*Assigned task*
If an entry holds a picture, drop the picture but restate the entry word for word.

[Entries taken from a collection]
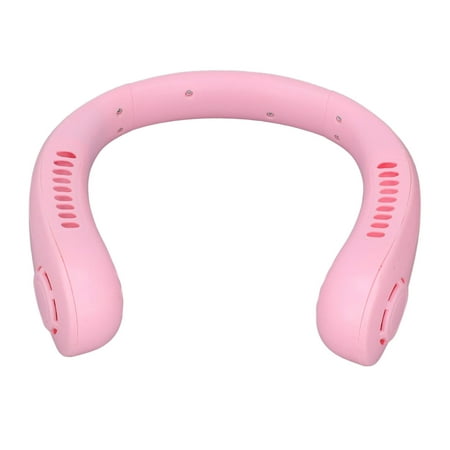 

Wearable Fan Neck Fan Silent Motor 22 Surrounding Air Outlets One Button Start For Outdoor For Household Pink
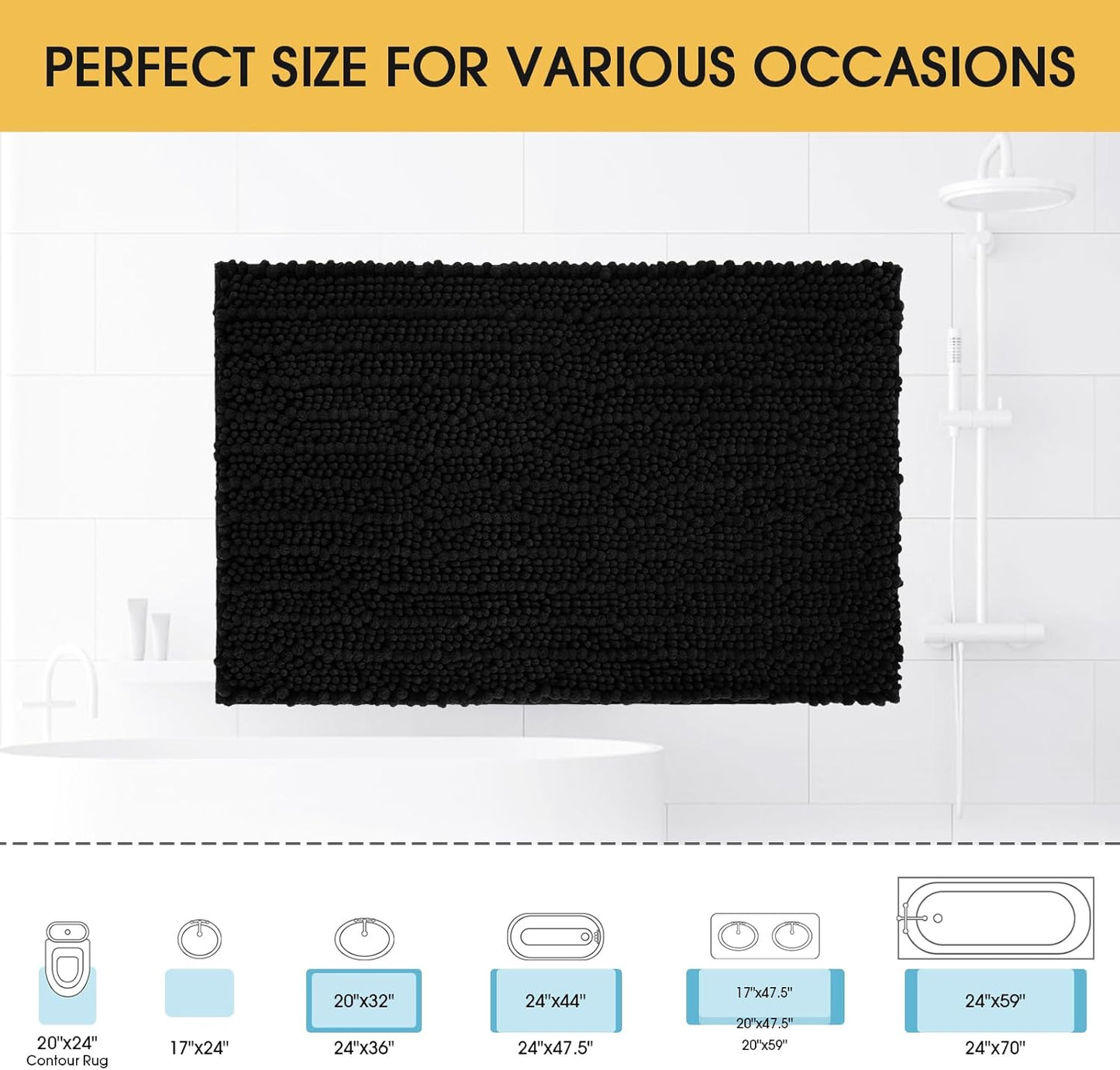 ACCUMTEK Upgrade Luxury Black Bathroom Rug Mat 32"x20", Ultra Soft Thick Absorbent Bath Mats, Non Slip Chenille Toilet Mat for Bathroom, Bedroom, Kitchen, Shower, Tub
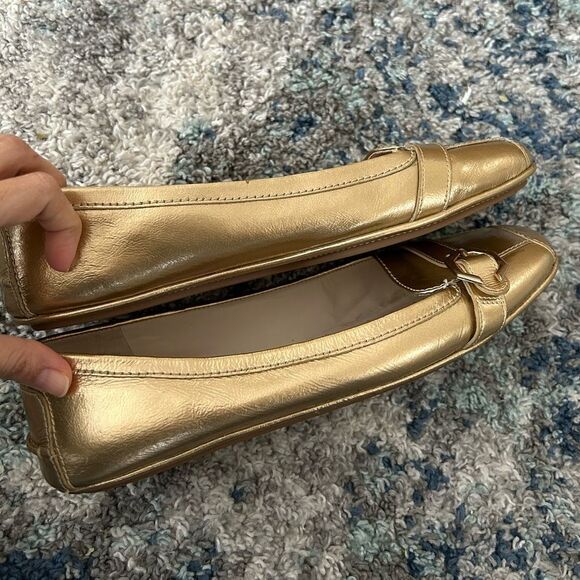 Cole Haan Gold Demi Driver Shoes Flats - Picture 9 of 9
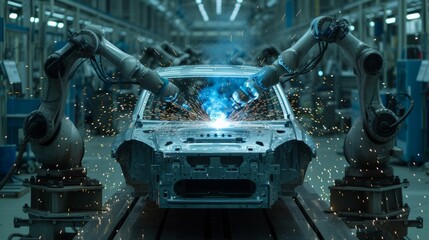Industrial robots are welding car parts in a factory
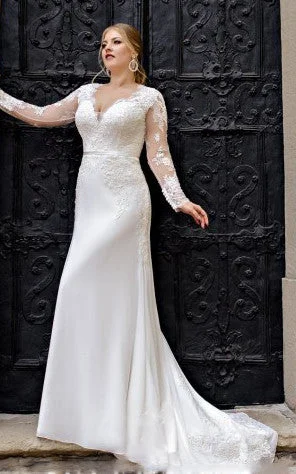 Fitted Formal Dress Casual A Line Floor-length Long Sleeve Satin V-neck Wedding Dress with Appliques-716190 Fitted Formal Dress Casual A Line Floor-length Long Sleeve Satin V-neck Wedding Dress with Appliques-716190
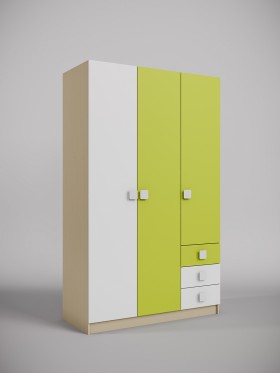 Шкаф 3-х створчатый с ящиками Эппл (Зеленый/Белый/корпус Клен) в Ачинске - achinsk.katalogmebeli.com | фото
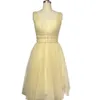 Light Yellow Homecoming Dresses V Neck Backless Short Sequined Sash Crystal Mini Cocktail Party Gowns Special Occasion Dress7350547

*Written solution*
Wearable Fan Neck Fan Silent Motor 22 Surrounding Air Outlets One Button Start For Outdoor For Household Pink
 ACCUMTEK Upgrade Luxury Black Bathroom Rug Mat 32"x20", Ultra Soft Thick Absorbent Bath Mats, Non Slip Chenille Toilet Mat for Bathroom, Bedroom, Kitchen, Shower, Tub
 Cole Haan Gold Demi Driver Shoes Flats - Picture 9 of 9
Industrial robots are welding car parts in a factory
 Fitted Formal Dress Casual A Line Floor-length Long Sleeve Satin V-neck Wedding Dress with Appliques-716190 Fitted Formal Dress Casual A Line Floor-length Long Sleeve Satin V-neck Wedding Dress with Appliques-716190
 Шкаф 3-х створчатый с ящиками Эппл (Зеленый/Белый/корпус Клен) в Ачинске - achinsk.katalogmebeli.com | фото
 Light Yellow Homecoming Dresses V Neck Backless Short Sequined Sash Crystal Mini Cocktail Party Gowns Special Occasion Dress7350547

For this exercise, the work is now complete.